We decided to take a side journey east to Petrified Forest National Park, about a two-hour drive from Flagstaff. We turned it into an overnight, with a few well-chosen stops along the way. Our first stop was Meteor Crater, one of those places that immediately resets your sense of scale. During the Ice Age, a massive iron meteor slammed into Arizona, carving out a crater nearly a mile wide and about 550 feet deep. Standing on the rim, it’s impossible not to feel small. Meteor Crater sits just off Interstate 40. It’s privately owned but designated a National Natural Landmark. The visitor center has exhibits, viewing platforms, and guided rim tours, though hiking down into the crater isn’t allowed.
For a long time, scientists debated what caused the crater. Many thought it was volcanic, mostly because there wasn’t a giant meteor sitting at the bottom. In the early 1900s, mining engineer Daniel Barringer bet his fortune on a different idea. He believed the crater was formed by a meteor impact, bought the land, and spent decades drilling for the missing iron mass. He never found it, because most of it vaporized on impact, but he did uncover plenty of iron fragments.
Decades later, geologist Eugene Shoemaker finally proved Barringer right by identifying rare high-pressure minerals that can only form during meteor impacts or nuclear explosions. NASA later used the site to train Apollo astronauts, including the crew of Apollo 13. Near one of Barringer’s old mining shafts, there’s now a solitary astronaut suit standing quietly at the base of the crater.
After that, we drove a little farther east and made another essential Arizona stop. Yep, we stood on the corner in Winslow, AZ. Even better, we met Ron Adamson, the sculptor who created the famous statue on the corner. He was there selling T-shirts, and yes, I bought one. It’s a quick stop, but a fun one. Eagles lyrics, a red flatbed Ford, Route 66 vibes, and a heavy dose of Americana. Totally worth the leg stretch and photo.
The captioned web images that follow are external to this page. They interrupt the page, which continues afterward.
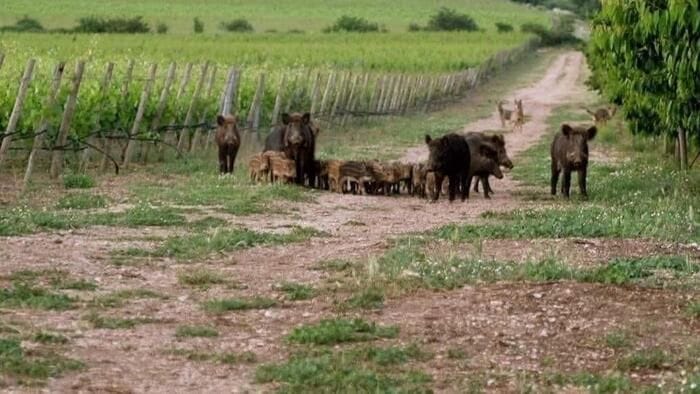 Leal, archi e frecce per abbattere i cinghiali, pericolosa deriva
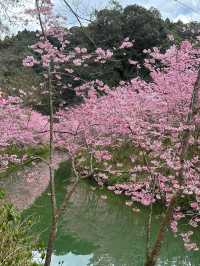 杉林溪櫻花美景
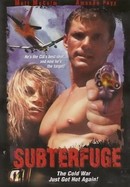 Subterfuge poster image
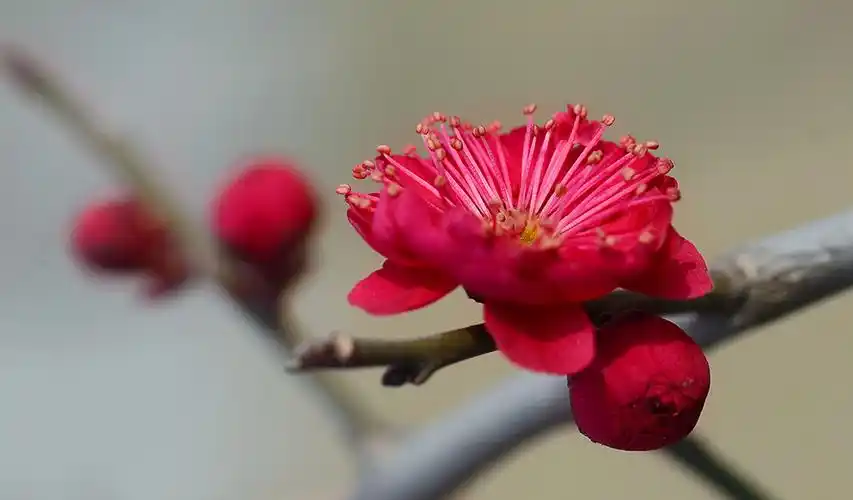 梅花(二)---真梅系(六个品种)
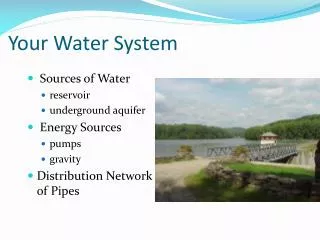 Your Water System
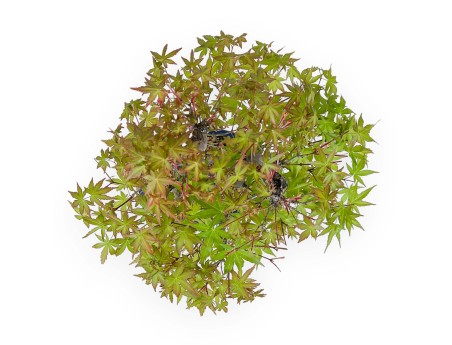 Acer Palmatum - Esdoorn - 48 cm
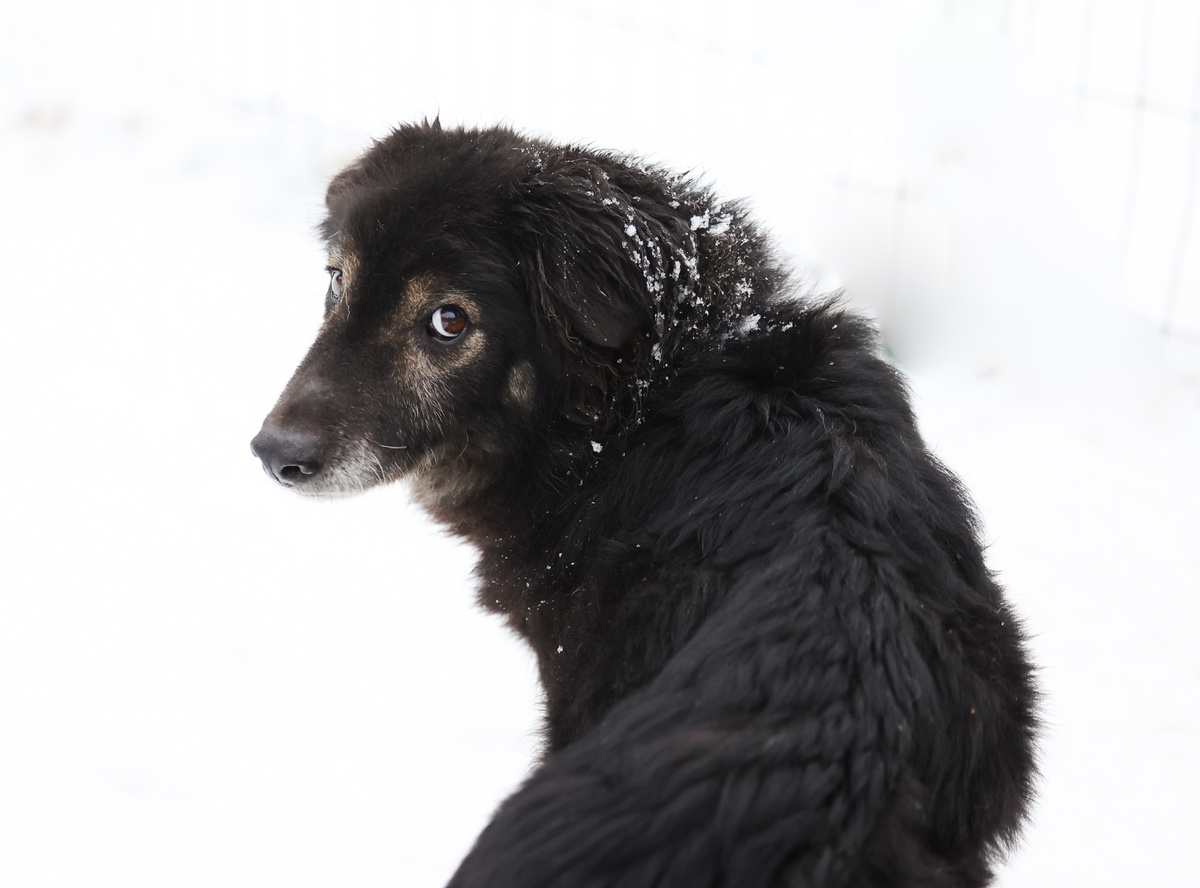 Даже вспоминать уже об этом не хочу...
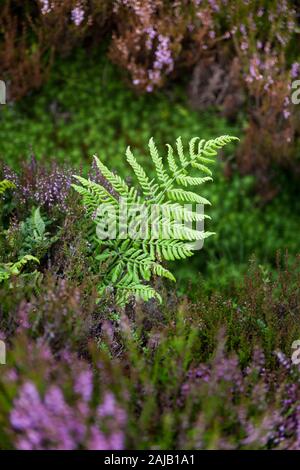 Foglia di felce verde brillante che cresce tra erica viola sulle brughiere lungo la Pennine Way, Northumberland Foto Stock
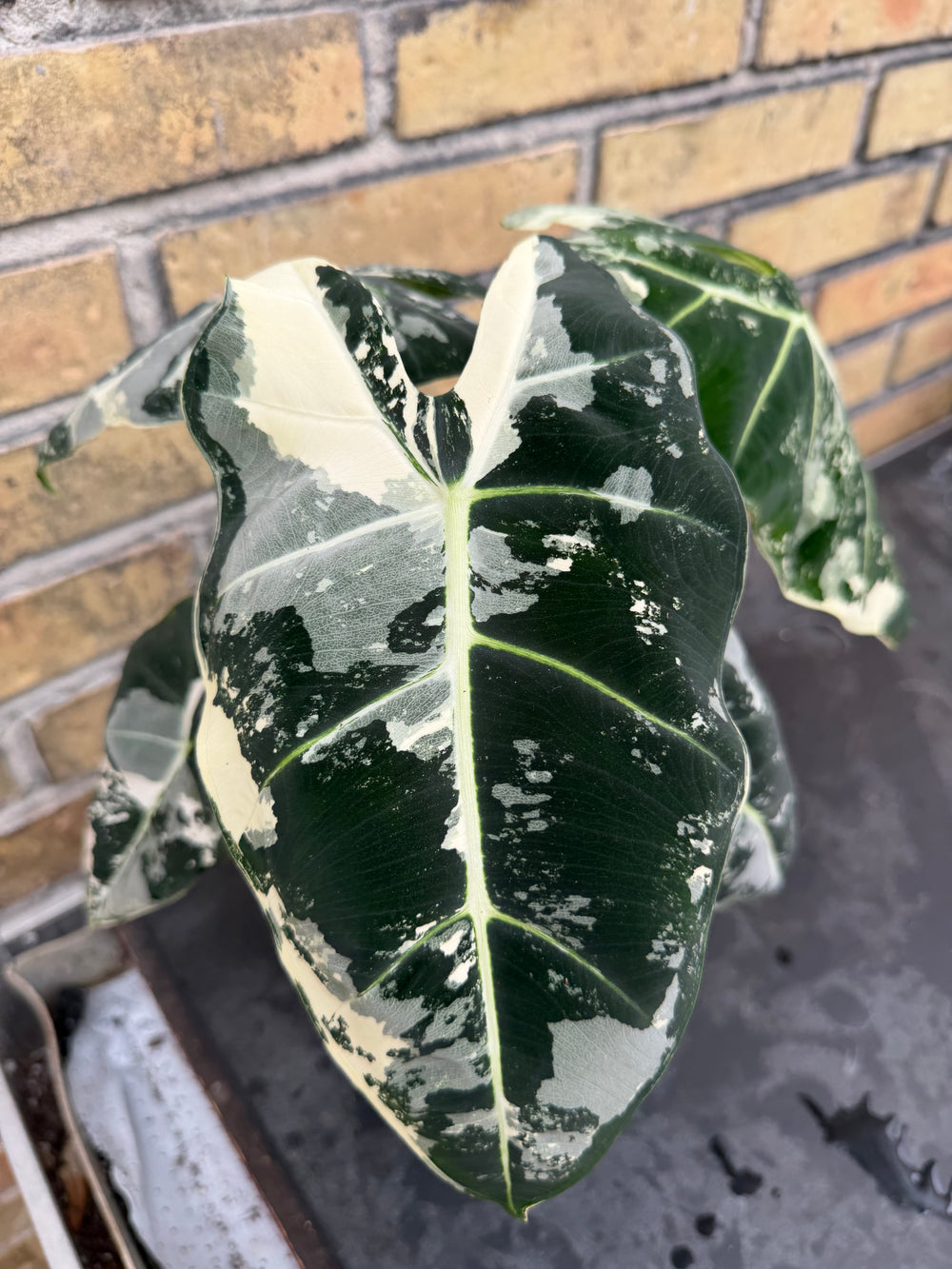Alocasia frydek Variegata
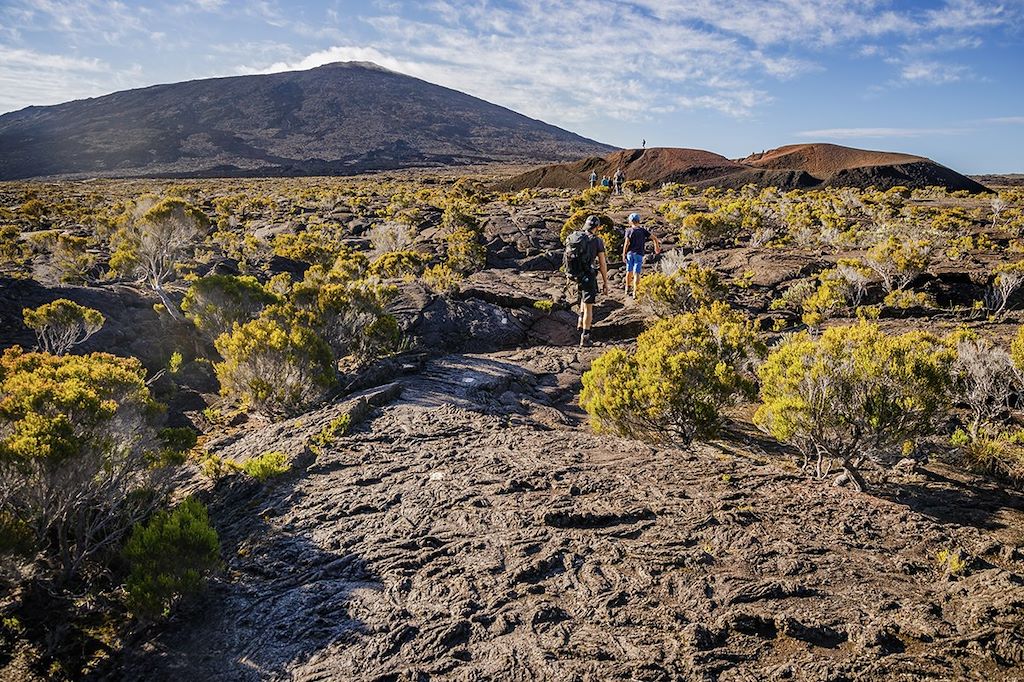 Réunion : Circuits accompagnés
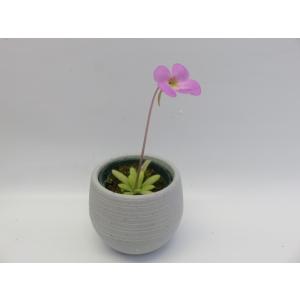 食虫植物 ムシトリスミレ P. moctezum...の商品画像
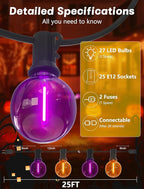 String Lights, 25 FT G40 LED Globe Lights with Orange and Purple Bulbs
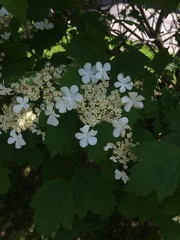 Viburnum opulus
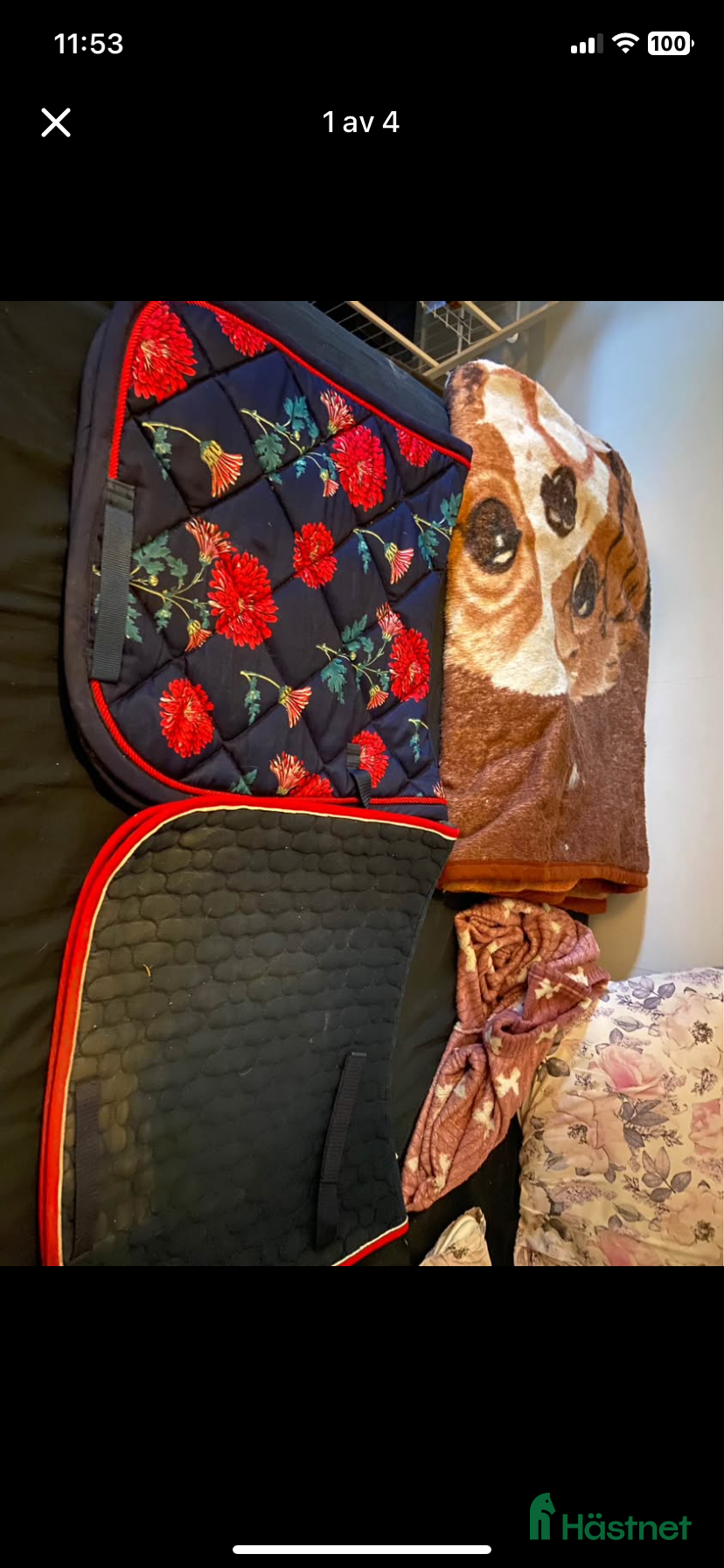 Schabrak & Vojlockar hästutrustning Schabrak - Annons 3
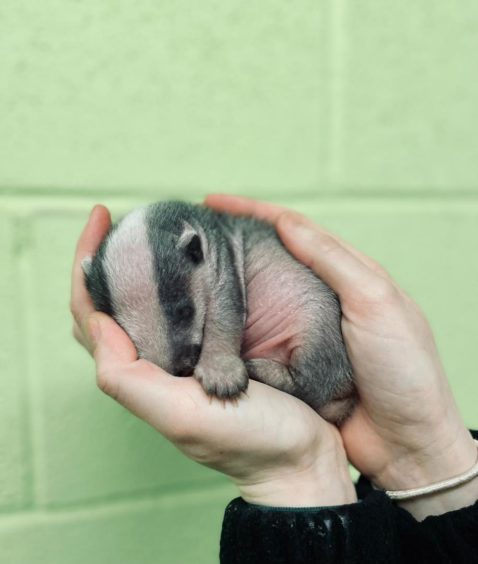 Lavender the badger is being taken care of my the Scottish SPCA.
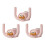 3Pieces Bathroom Wall Hook for Extra Storage Space In-PK 1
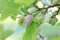 Weiße Maulbeere Morus alba Pflanze 35-40cm Maulbeerbaum Obstbaum Obstpflanze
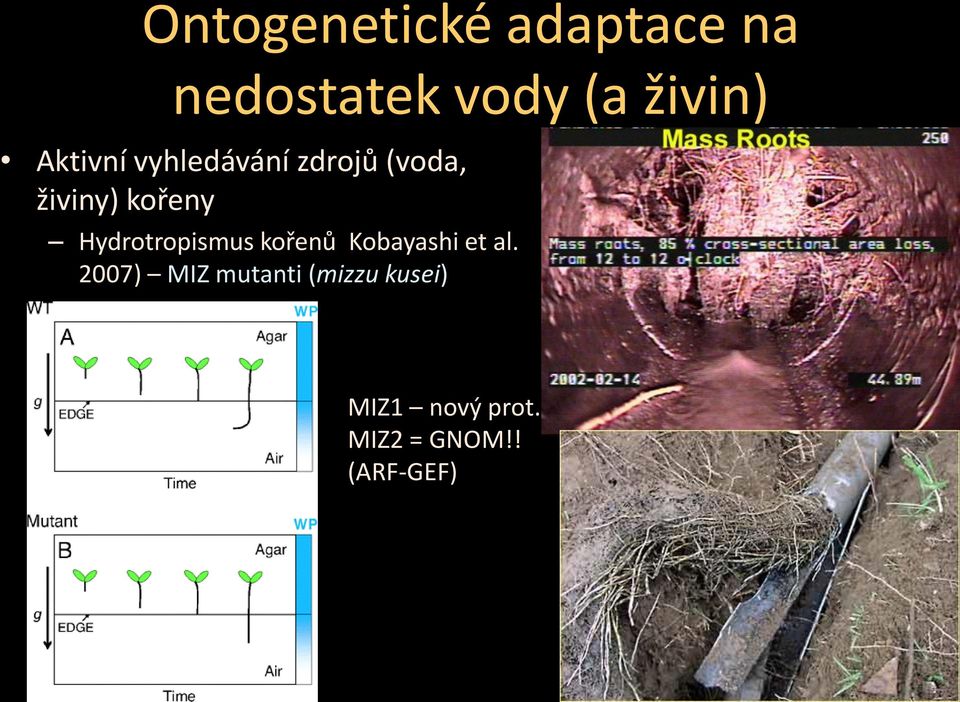 Hydrotropismus kořenů Kobayashi et al.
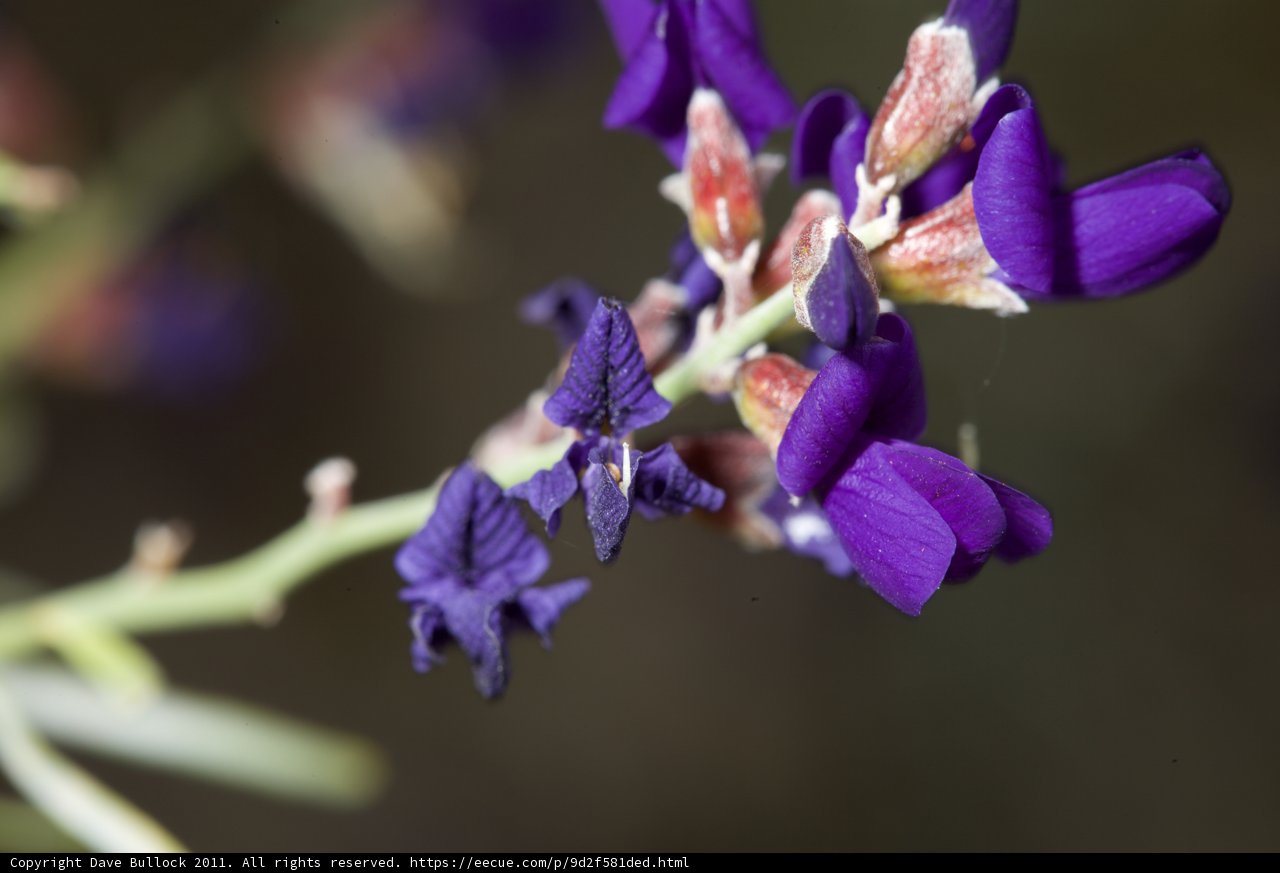 Purple Iris Blossoming in Anza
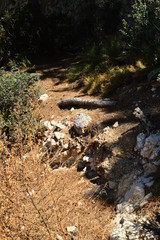 stream in the forest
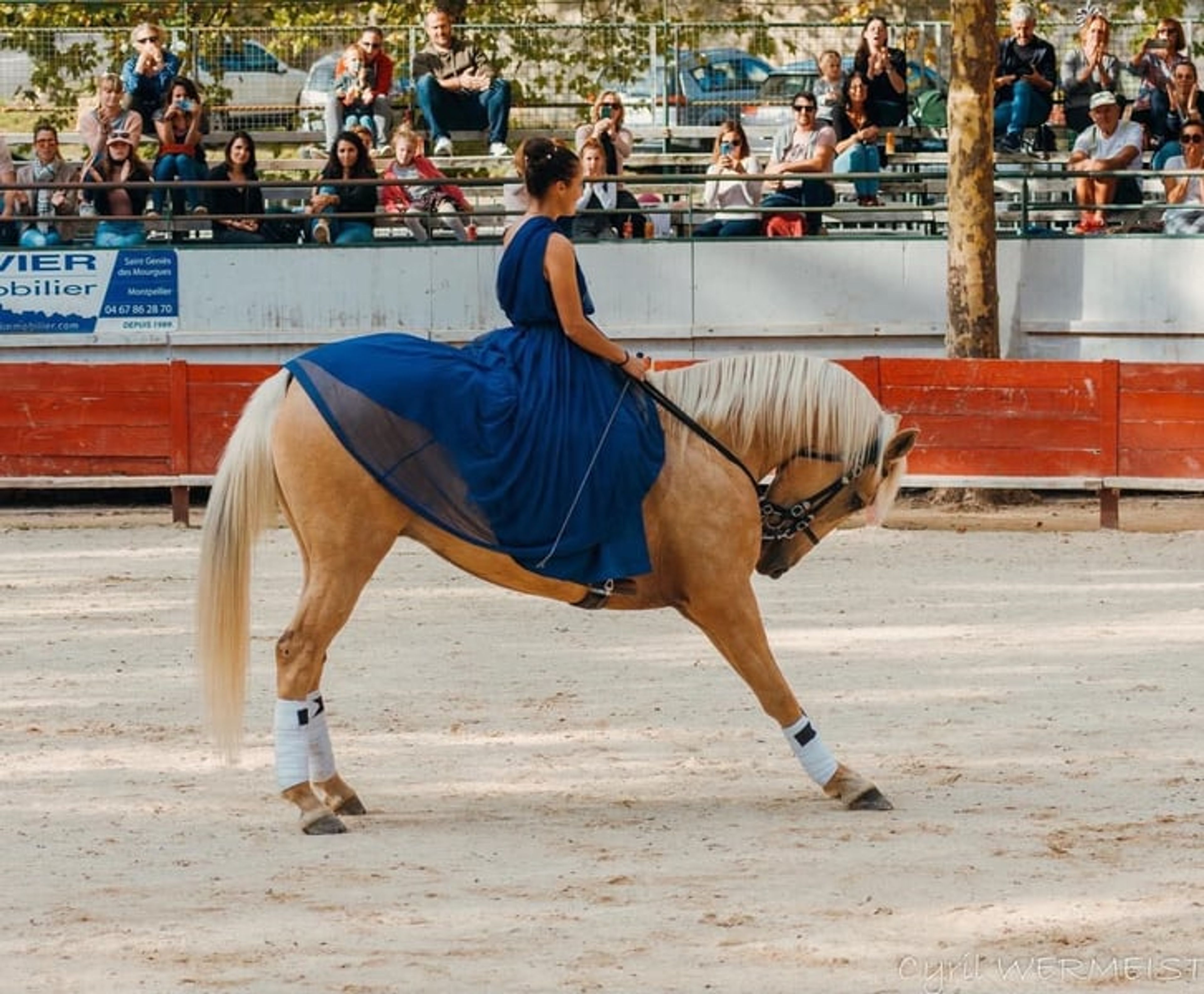 Amazing horse – a true GEM for show jumping, eventing, dressage, and more - Image 8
We reached Petrified Forest National Park later that afternoon, with limited time before closing. Park roads close at sunset, and most visitor centers shut earlier, so we focused on a few highlights. We started at the Petrified Forest Visitor Center, which has excellent exhibits explaining how the trees became petrified, along with displays on the park’s geology, fossils, and human history. It was a great primer for what we were about to see outside.
From there, we walked the Giant Logs Trail, an easy loop that passes enormous petrified tree trunks scattered across the desert floor, some stretching more than 100 feet long. We explored the Crystal Forest Trail, where broken chunks of petrified wood glitter with exposed quartz and mineral crystals. The reds, yellows, and purples stood out sharply against the muted desert surroundings.
As the park closed for the day, we exited near the Crystal Forest Museum & Gift Shop, which offers a free boondocking lot right by the park entrance. We had a brief tire-spinning moment in some mud but made it out fine. The night was quiet, dark, and exactly what we needed after a full day of driving, history, and detours.